Dice la leyenda que los estudiantes de Salamanca, tenían que ver
la Rana para
aprobar. Aquel que no la viera no podía conseguir doctorarse, aunque también
puede significar la lujuria al estar posada sobre una calavera, dando a
entender el avistamiento de la muerte si se pecaba. Según Álvarez Villar la
representación de las “vanitas” se hacía
sobre sapo no sobre rana, añadiendo otro elemento de debate.
Se ha
discutido acerca de la intención del tallador a la hora de poner este
ornamento. Aunque sobre esto hay opiniones diversas. Ya en el antiguo
Egipto se
asociaba la alegoría de la rana con la muerte.
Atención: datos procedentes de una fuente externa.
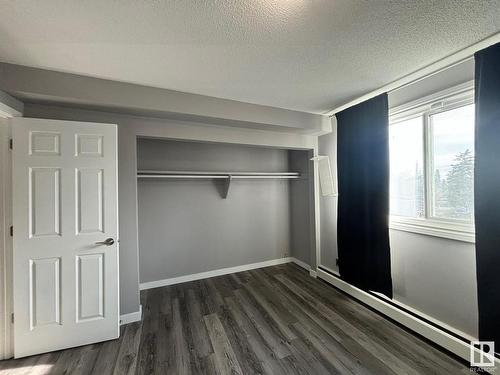 303 6307 118 Avenue, Edmonton, AB - Indoor Photo Showing Other Room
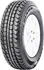 Zimní osobní pneu Sailun Ice Blazer WST2 265/60 R18 110 T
Aparece en numerosas
ocasiones la rana como una alegoría relacionada con la lujuria:
pecado de la carne.
Anterior a la
popular Visión de San Pablo en el siglo XV, la serpiente poseía
este significado de lujuria. Ya posteriormente aparece la rana con dicha
significación en las representaciones alegóricas, tal es el caso del pórtico
derecho de la Catedral de
Estrasburgo en el que se puede
ver un conjunto de vírgenes seducidas por el Príncipe
del Mundo que lleva un
acompañamiento de ranas y serpientes tras de si. Representaciones similares se
encuentran en la mayoría de las Catedrales Góticas. La representación lujuriosa se
encuentra igualmente en los cuadros del Bosco:
Los siete pecados capitales y el jardín de las delicias. Lo mismo puede verse en un autor
contemporáneo a la fachada salmantina y es Henri
met de Bles (conocido también
como Il Civeta).
Unamuno opinaba del
famoso batracio: «lo malo no era que se
viera la rana sino que solo se viera a ella».